Richard Gent | Tuesday December 06, 2011

Categories: Hot Entries, Understanding Media, Why Media Studies?, The Case for Media Studies

My Media Studies course is under threat. Could you direct me to some supporting evidence about how valuable the skills are that you learn as part of a great Media Studies course?

I could wax lyrical and in fact - have.  But there’s no substitute for other academics, journalists or resected articles that also prove a point or two.  I think all two often decisions makers read the Daily Mail and listen to the Today programme rather than considering the facts: Media Skills serve much more than the radio, print, film and television industries - how about any job or professional that deals with today’s multi media 24/7 digital consumer culture, let alone, the communications and PR sector.

Our headteacher is 100% behind Media and Film and completely believes in the subjects.

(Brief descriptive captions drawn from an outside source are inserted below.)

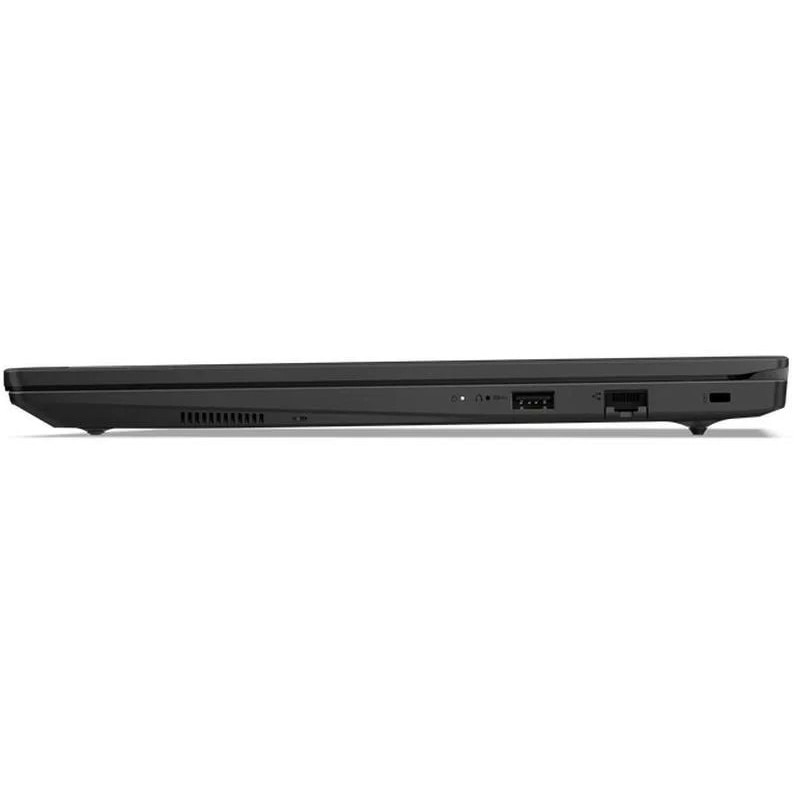 Laptop 15.6" Lenovo V15 G5 Intel i3-1315U (10MB 4.5GHz) 8GB DDR5 512GB SSD UHD graphics IRL FHD No OS Black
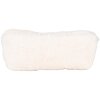 Juleeze JZWA0206 кошелек 21x2x10 см белый ресницы корона дизайн
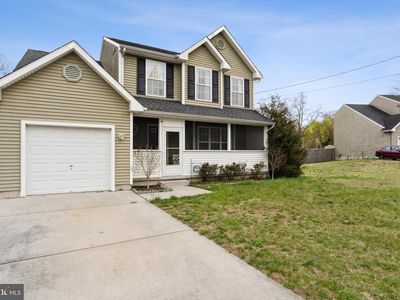 309 Marion Ave, West Berlin, NJ, 08091
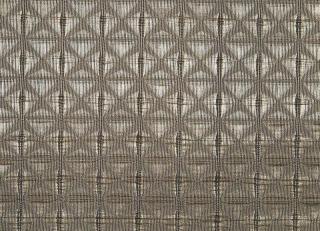 Фото - Ткани Casamance Imperial - 277699>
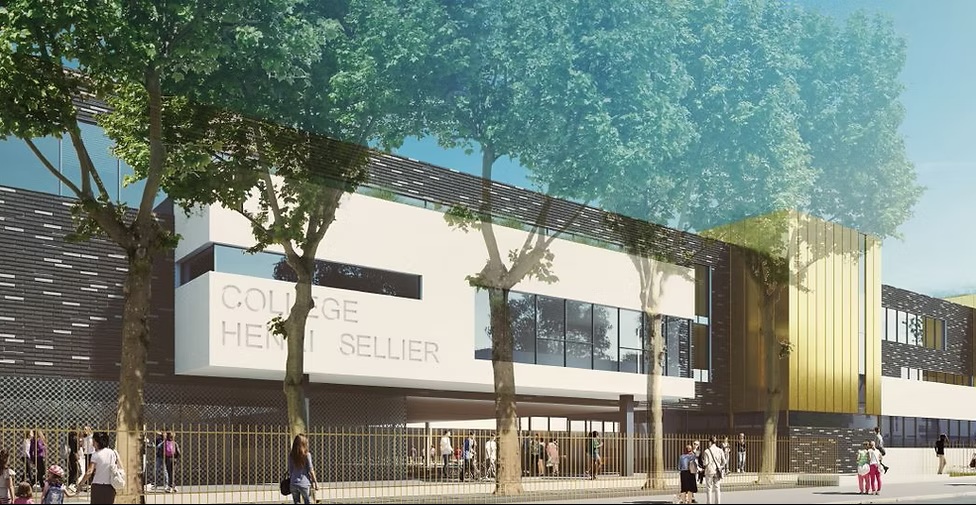 A0087_College_Henri_Sellier_Bondy_TBS_1_Credit_Daquin_Ferriere_Et_Associes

I’m not attending our Sixth Form open evening this year, and was concerned that, without any of the Media teachers there, we would fall prey to the negative attitudes of some of our colleagues.

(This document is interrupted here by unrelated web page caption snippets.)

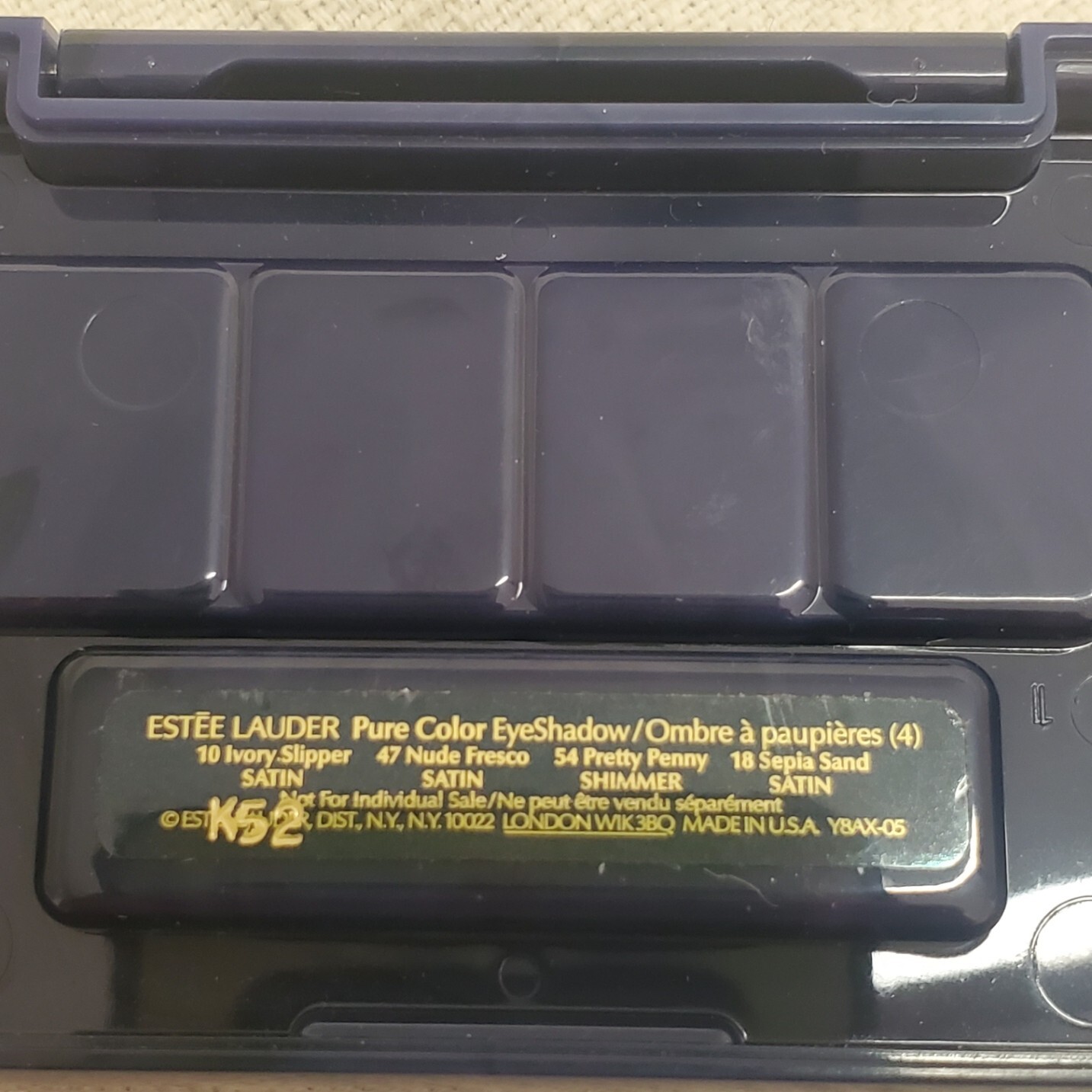 Picture 3 of 3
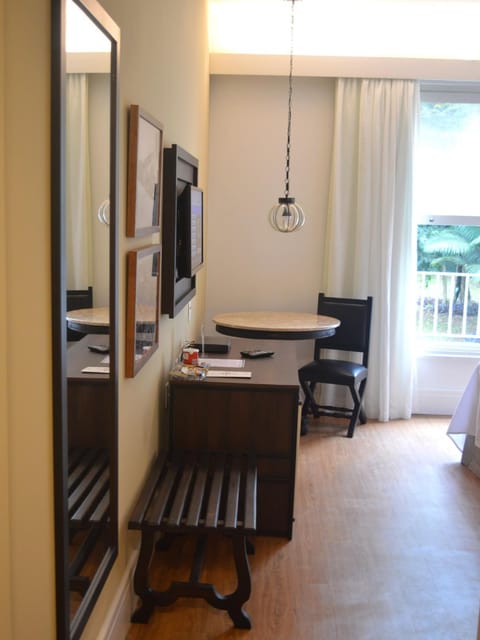 Hotel Escola Bela Vista Hotel in State of Rio de Janeiro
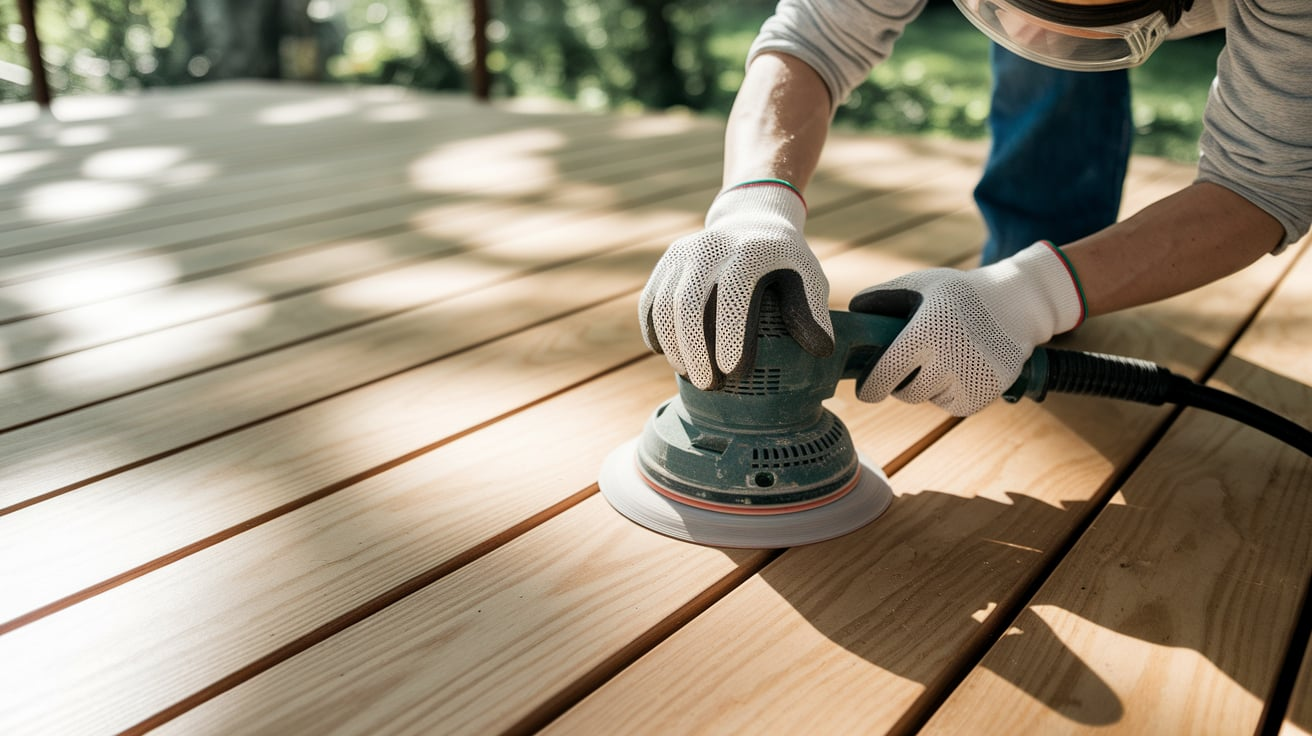 Step_4_-_Medium-Grit_Sanding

The Association for Media Literacy has waged an ongoing battle for the existence of Media Studies in Ontario for over 30 years.  The Grade 11 course has been threatened at least twice, and it seems that we spent our first 20 years justifying it.  It has become much easier with the increasing ubiquitousness of media messages: 21st century literacy is unthinkable without media literacy.

David Buckingham has also written some cogent justifications for media literacy curriculum in various documents.

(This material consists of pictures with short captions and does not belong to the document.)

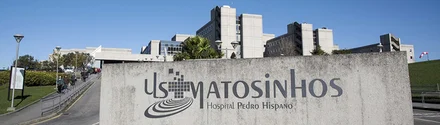 Hospital Pedro Hipsano contacto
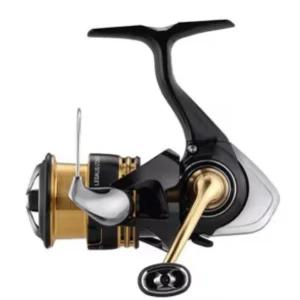 다이와 레가리스 LT 3000-C, 2025년형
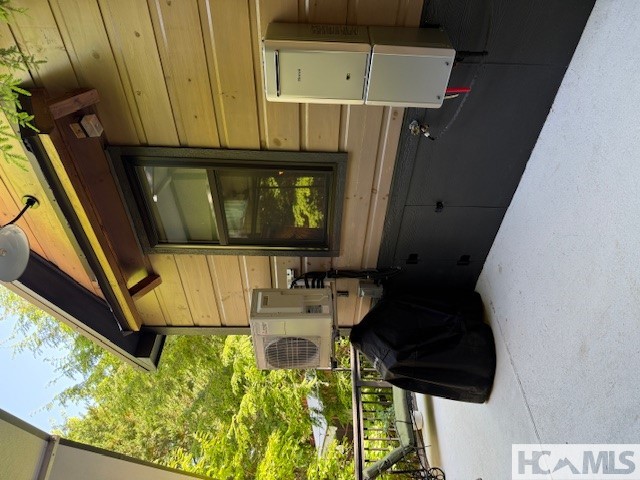 26 Cumberland Drive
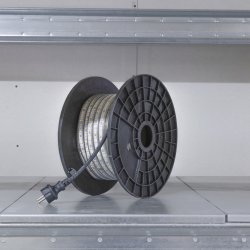 RANCEO LED strip 1500 lm/m 25m - 2261335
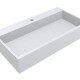 MARES 800 MATT washbasin #2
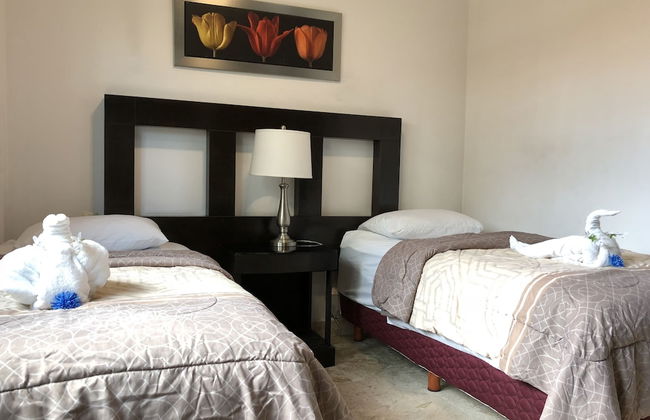 Lilas del Mar - Foto 20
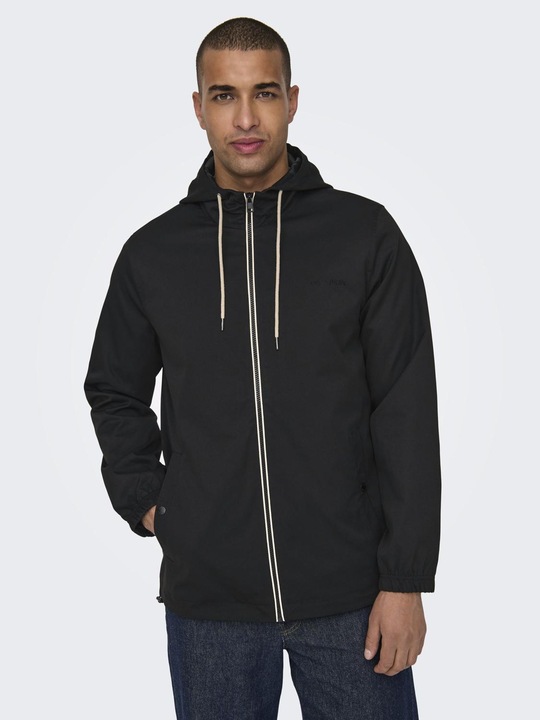 Produktbild Only & Sons Jacke (M)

Maybe most convincingly, we have argued the fact that good Media Studies courses support non-media things most valued by progressive educators: collaborative skills, research skills, critical thinking skills, and all of the communication skills.  These are qualities highly valued by those arguing for better work skills development in students, but they are also qualities that support good citizenship.

It is a long time since I had to defend Media Studies in a staffroom debate! I thought that the battle was won but of course these things never go away.

One of the first academic books to defend Media was by Cary Bazalgette:

Formations: A 21st Century Media Studies

This piece is good from http://www.mediastudiesstrikesback.org.uk/.

George Courtice should visit the School of Media at Liverpool’s John Moore’s University to look at the courses we are running in conjunction with the media industry in TV and print journalism. The courses are supported by the local industry where students gain work experience during their course and we have evidence to prove the students do get jobs.

I find the best argument is that students want to do it, and there are over 30,000 students studying a degree course with Media in universities. Media Studies includes the whole field of the creative industries which is enormous. Have a look at the Skillset website.

Substitute the words ‘creative industries’ for Media Studies and it suddenly looks a lot more positive, but all these areas can be studied under media.  The creative industries are driving regeneration in many British towns and cities e.g. Bristol, Hull and Sunderland.

Many people want to work in areas like video games, e-media, pop promotion, and music production – Media Studies is invaluable for them as a first degree.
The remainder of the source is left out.